STACK SIZE IN WINDOWS ENVIRONMENTS

Prior to release 10.30 the default system stack size of 1MiB in some Windows
environments caused issues with some tests. This should no longer be the case
for 10.30 and later releases.


LINKING PROGRAMS IN WINDOWS ENVIRONMENTS

If you want to statically link a program against a PCRE2 library in the form of
a non-dll .a file, you must define PCRE2_STATIC before including src/pcre2.h.


CALLING CONVENTIONS IN WINDOWS ENVIRONMENTS

It is possible to compile programs to use different calling conventions using
MSVC. Search the web for "calling conventions" for more information. To make it
easier to change the calling convention for the exported functions in the
PCRE2 library, the macro PCRE2_CALL_CONVENTION is present in all the external
definitions. It can be set externally when compiling (e.g. in CFLAGS). If it is
not set, it defaults to empty; the default calling convention is then used
(which is what is wanted most of the time).


COMMENTS ABOUT WIN32 BUILDS (see also "BUILDING PCRE2 ON WINDOWS WITH CMAKE")

There are two ways of building PCRE2 using the "configure, make, make install"
paradigm on Windows systems: using MinGW or using Cygwin. These are not at all
the same thing; they are completely different from each other. There is also
support for building using CMake, which some users find a more straightforward
way of building PCRE2 under Windows.

The MinGW home page (http://www.mingw.org/) says this:

  MinGW: A collection of freely available and freely distributable Windows
  specific header files and import libraries combined with GNU toolsets that
  allow one to produce native Windows programs that do not rely on any
  3rd-party C runtime DLLs.

The Cygwin home page (http://www.cygwin.com/) says this:

  Cygwin is a Linux-like environment for Windows. It consists of two parts:

  . A DLL (cygwin1.dll) which acts as a Linux API emulation layer providing
    substantial Linux API functionality

  . A collection of tools which provide Linux look and feel.

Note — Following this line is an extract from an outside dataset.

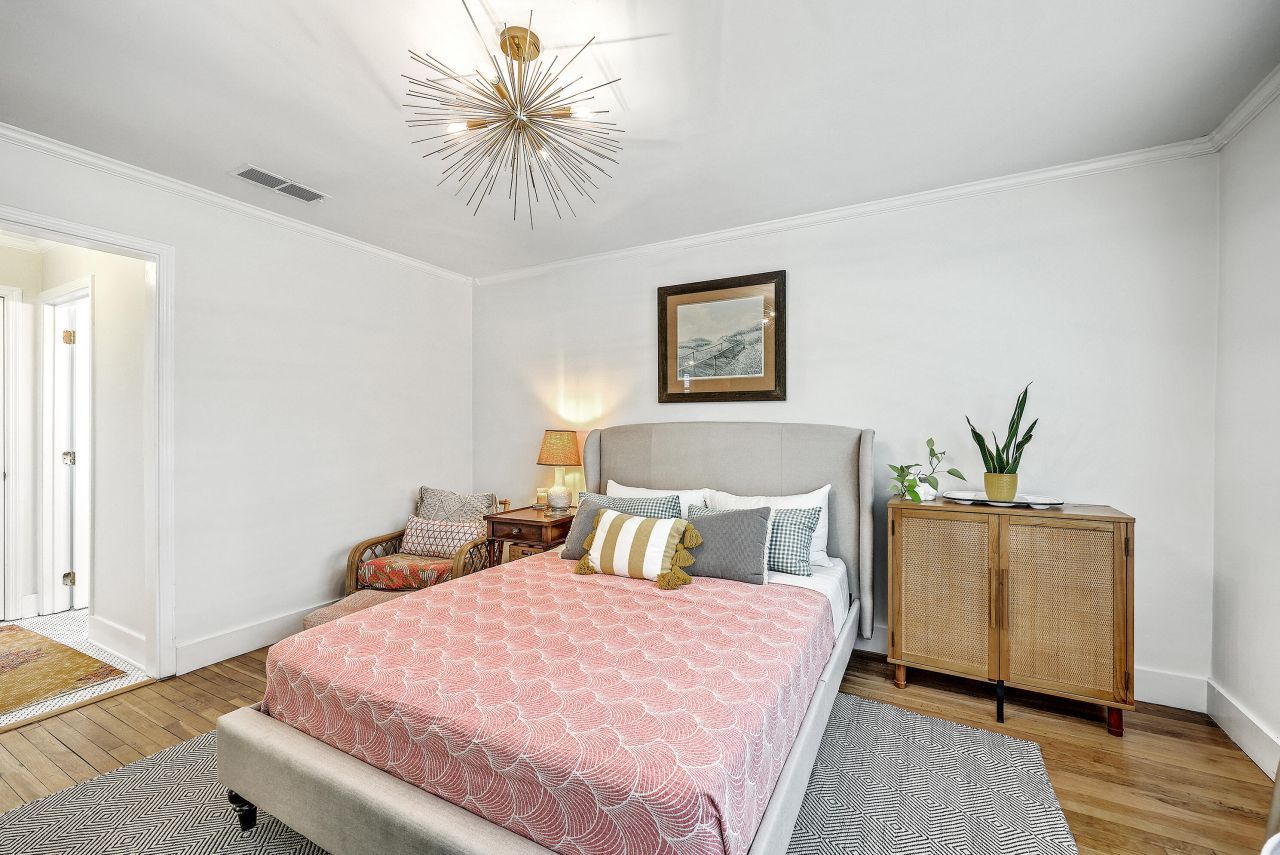 699 Savannah Highway Photo 16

On both MinGW and Cygwin, PCRE2 should build correctly using:

  ./configure && make && make install

This should create two libraries called libpcre2-8 and libpcre2-posix. These
are independent libraries: when you link with libpcre2-posix you must also link
with libpcre2-8, which contains the basic functions.

Using Cygwin's compiler generates libraries and executables that depend on
cygwin1.dll. If a library that is generated this way is distributed,
cygwin1.dll has to be distributed as well. Since cygwin1.dll is under the GPL
licence, this forces not only PCRE2 to be under the GPL, but also the entire
application. A distributor who wants to keep their own code proprietary must
purchase an appropriate Cygwin licence.

MinGW has no such restrictions. The MinGW compiler generates a library or
executable that can run standalone on Windows without any third party dll or
licensing issues.

But there is more complication:

If a Cygwin user uses the -mno-cygwin Cygwin gcc flag, what that really does is
to tell Cygwin's gcc to use the MinGW gcc. Cygwin's gcc is only acting as a
front end to MinGW's gcc (if you install Cygwin's gcc, you get both Cygwin's
gcc and MinGW's gcc). So, a user can:

. Build native binaries by using MinGW or by getting Cygwin and using
  -mno-cygwin.

. Build binaries that depend on cygwin1.dll by using Cygwin with the normal
  compiler flags.

The test files that are supplied with PCRE2 are in UNIX format, with LF
characters as line terminators. Unless your PCRE2 library uses a default
newline option that includes LF as a valid newline, it may be necessary to
change the line terminators in the test files to get some of the tests to work.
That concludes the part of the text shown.